The people who carried on Ladd's work until the studio's closure at the beginning of 1920, when work was transferred to a French military hospital, were the French sculptors, Jane Poupelet, who had joined Ladd a few months after the studio's founding, and Robert Wlérick, who Poupelet had recommended. The American artist Marie-Louise Brent had joined the studio in September 1918 as the secretary but also apparently did some facial restoration work. Diana Blair, curator of specimens at the Harvard Medical Laboratory, also worked there. Poupelet was a Red Cross volunteer and a friend of Janet Scudder, owner of the apartment used for the studio, and she and Wlérick were members of the "bande à Schnegg", a group of sculptors associated with the sculptor and teacher, Lucien Schnegg. Like Ladd, Poupelet was to be made a knight of the French Legion of Honour for her work at the studio.

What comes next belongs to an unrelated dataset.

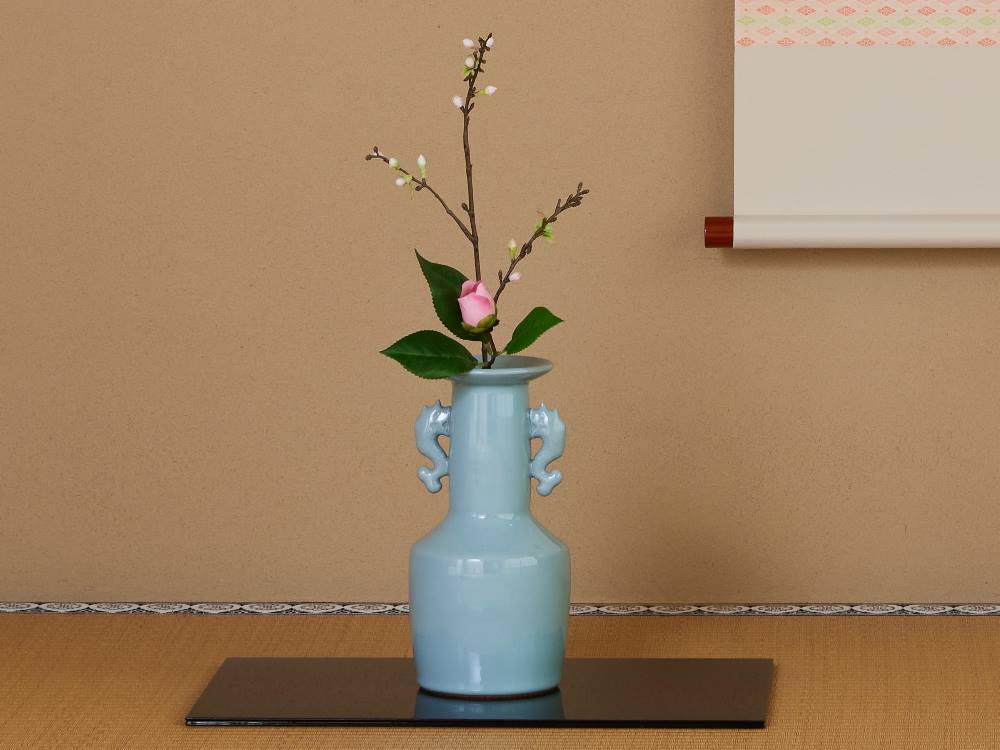 青磁 鯱耳花入 | カタログ・パンフレット 掲載品,春カタログ（No.224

The facial restoration work was complex and time-consuming. First, the wounds had to be completely healed after surgery. Then, a plaster cast was taken of the patient's face. The role of the artist was to bring the masks to life, painting their metallic surface and matching the patient's skin tone. Finally, eyelashes, moustaches, and eyebrows, made from human hair or copper wire, were developed. There are varying reports of the total number of masks produced but the figure seems to have been around 200, relatively few considering the enormous demand. While recipients were initially enthusiastic as they could then go out in public, the long-term effectiveness of the masks was relatively limited. Although realistic, they were expressionless, and, over time, they became uncomfortable to wear. No records survive documenting the fate of those who received masks, although the "Union des Blessés de la Face" (the Union of the Facially Wounded) provided accommodation for disfigured men and their families. Reports suggest that the masks did not last for more than a few years.